Tiru Cara Poso, Indonesia Bangun Pasar Perdamaian di Myanmar
Editor
Eko Ari Wibowo
Jumat, 17 Maret 2017 15:58 WIB
TEMPO.CO, Jakarta - Wakil Menteri Luar Negeri Abdurrahman Mohammad Fachir mengatakan Indonesia memilih melakukan diplomasi lunak (soft diplomacy) untuk mengatasi konflik di Rakhine, Myanmar. Upaya yang dilakukan adalah mendirikan pasar, sekolah, dan rumah sakit.
"Dulu meresmikan empat sekolah pada 2014. Ini kelanjutan ada sekolah dan pasar," kata Fachir di kompleks Istana Wakil Presiden, Jakarta, Jumat, 17 Maret 2017. Menurut dia, pendekatan inklusif dan komprehensif lewat rumah sakit, sekolah, dan pasar akan mengakomodasi seluruh kepentingan masyarakat.
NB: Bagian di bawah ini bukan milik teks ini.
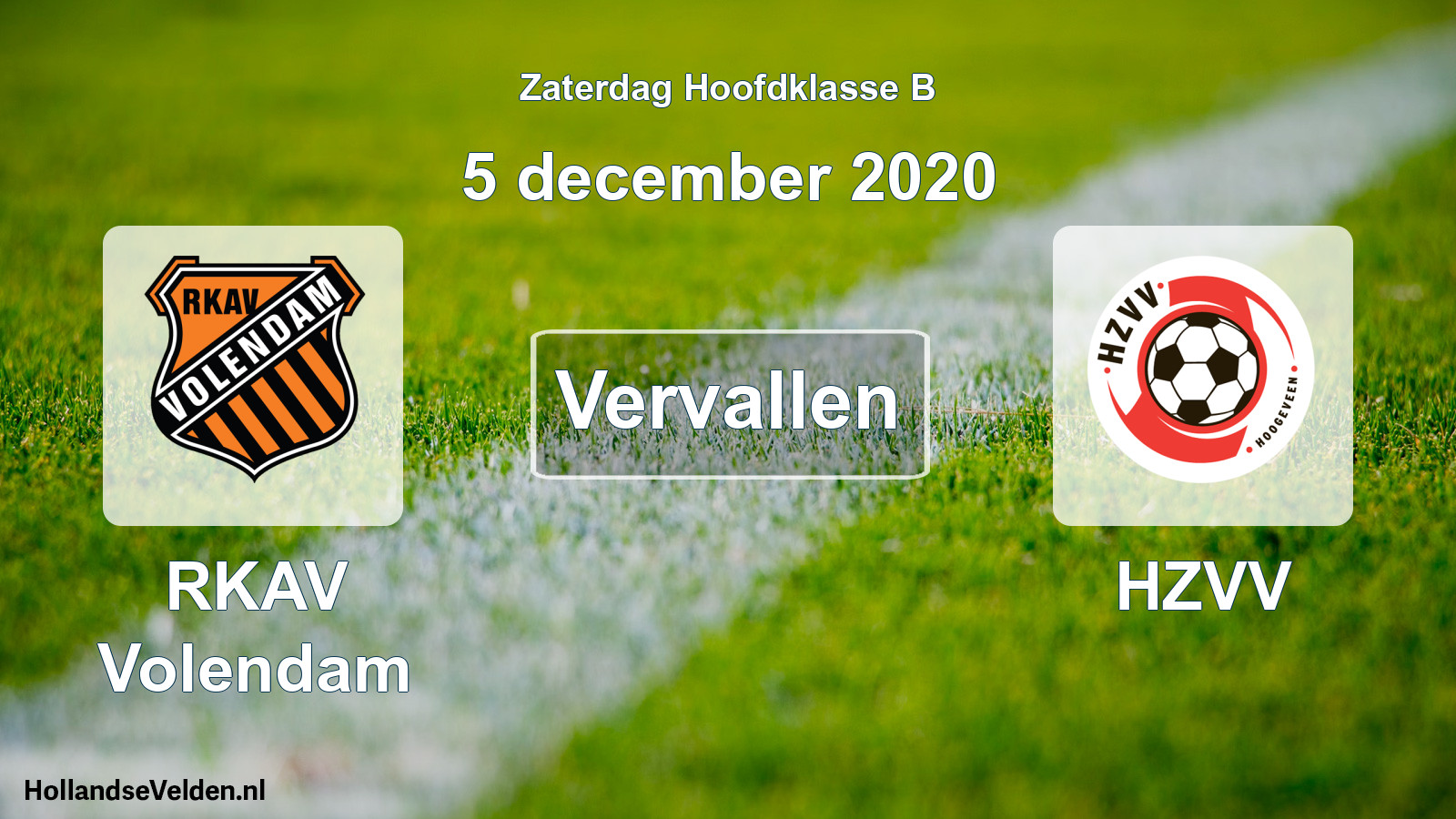 Scheduled Match: RKAV Volendam - HZVV (5 December 2020)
Baca: Salah Kaprah tentang Rohingya di Myanmar
Pada kesempatan yang sama, Wakil Ketua Muhammadiyah Disaster Management Center Rahmawati Husein menjelaskan, pasar mempunyai peran strategis dalam upaya rekonsiliasi. Konsep pembangunan pasar perdamaian di Rakhine, ucap dia, meniru Poso dan Ambon yang pernah dilanda konflik. "Pasar itu sarana yang netral," ujarnya.
Dengan adanya pasar, menurut Rahmawati, orang-orang akan didorong untuk berinteraksi tanpa saling curiga. Dalam jangka panjang, ia berharap pihak yang tengah bersitegang bisa menahan untuk tidak berkonflik. "Kalau di Poso, ibu-ibu tidak akan berjualan kalau bapak-bapak masih berkonflik," ujarnya.
Nantinya, tutur Rahmawati, komoditas yang ada di pasar perdamaian berasal dari dua kelompok masyarakat. Dari pengamatannya, kelompok Rohingya banyak memproduksi hasil pertanian. Sedangkan kelompok Buddha menghasilkan produk perdagangan atau barang jadi. "Kami tidak bangun pasar fisik (baru), tapi memperkuat yang sudah ada," katanya.
Simak pula: PBB: Myanmar Berniat Usir Seluruh Rohingya
Dari sisi lokasi, ucap Rahmawati, pembangunan pasar dilakukan di luar tempat pengungsian atau di tempat netral. Agar rencana berjalan dengan lancar, pemerintah Indonesia akan menggandeng lembaga swadaya masyarakat lokal di Myanmar.
Saat ini, dari data The United Nations Office for the Coordination of Humanitarian Affairs (UNOCHA), ada 120 ribu pengungsi Rohingya yang menetap di pengungsian. Sebanyak 90 ribu di antaranya mengungsi di Rakhine. Sedangkan jumlah jiwa yang terdampak konflik mencapai 500 ribu.